“Eh, Wat!” cries Helen: and Mother,—“Walter, my dear boy!”
“’Tis truth, I do ensure you,” saith he: “and Sir Walter Raleigh, one of the first wits in all Europe: and young Blount, that is high in the Queen’s Majesty’s favour: and my young Lord of Essex, unto whom she showeth good countenance. ’Tis not possible to lower one’s self in the eyes of such men as these—and assuredly I should were I less free-handed.”
“My word, Wat, but thou hast fallen amongst an ill pack of hounds!” saith Aunt Joyce.
“Then it is possible, or at least more possible, to lower thyself in our eyes, Wat?” saith Father.
“Father, you make me to feel ’shamed of myself!” crieth Wat. “Yet, think you, so should they when I were among them, if I should hold back from these very deeds.”

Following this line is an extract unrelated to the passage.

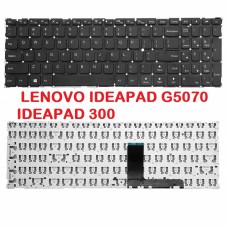 CLAVIER POUR PC PORTABLE LENOVO IDEAPAD G5070 IDEAPAD 300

“Then is there no difference, my son,” asks Father, still as gentle as ever, “betwixt being ’shamed for doing the right, and for doing the wrong?”
“But—pardon me, Sir—you are not in it!” saith Walter. “Do but think, what it should feel to be counted singular, and as a speckled bird, unlike all around.”

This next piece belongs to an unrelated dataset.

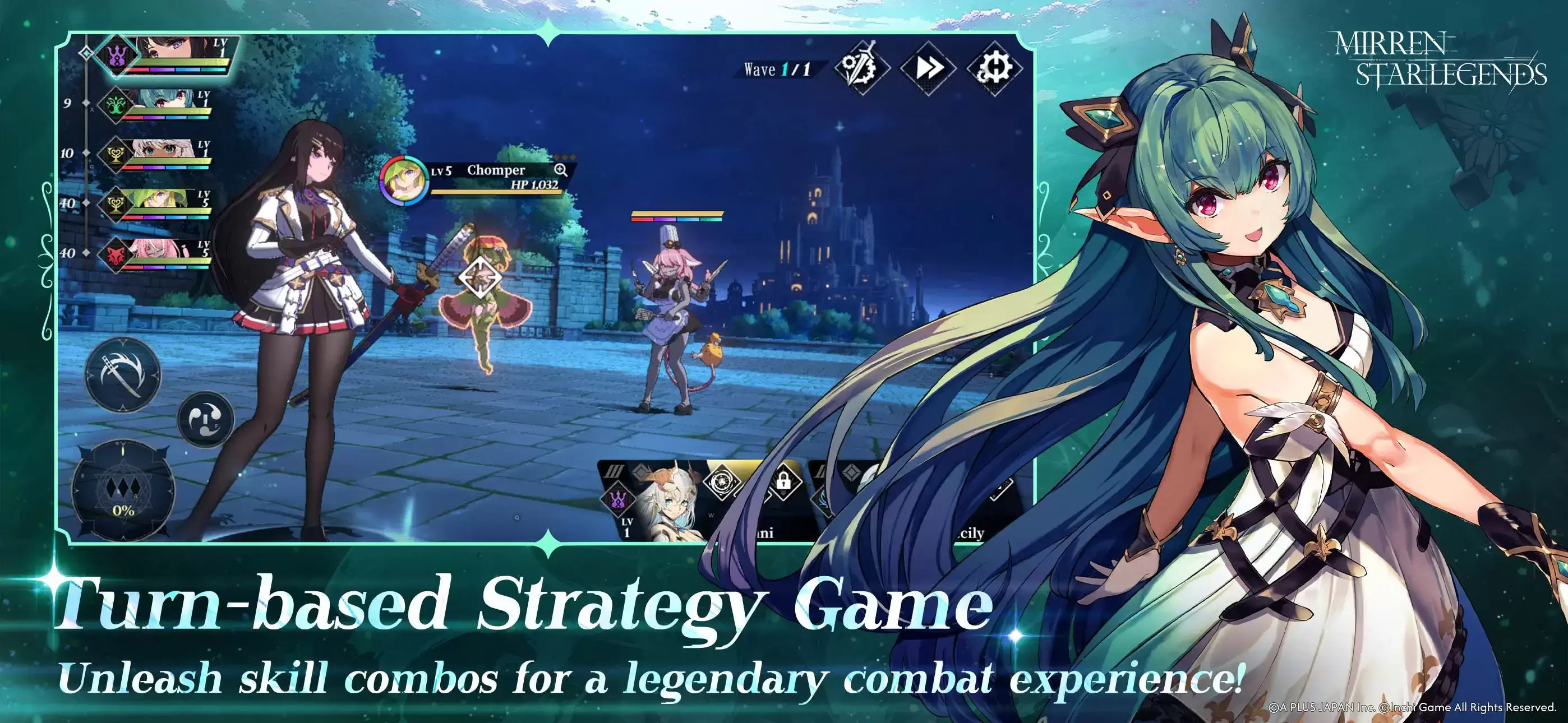 Mirren: Star Legends Hero Progression Guide - Antas ng iyong mga bayani!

“Well!” saith Aunt Joyce, fervently, “I am five and fifty years of age this morrow; and have in my time done many a foolish deed: but I do thank Heaven that I was never so left to mine own folly as to feel any ambition to make one of a row of buttons!”
I laughed—I could not choose.
“You are a woman, Aunt,” saith Wat. “’Tis different with you.”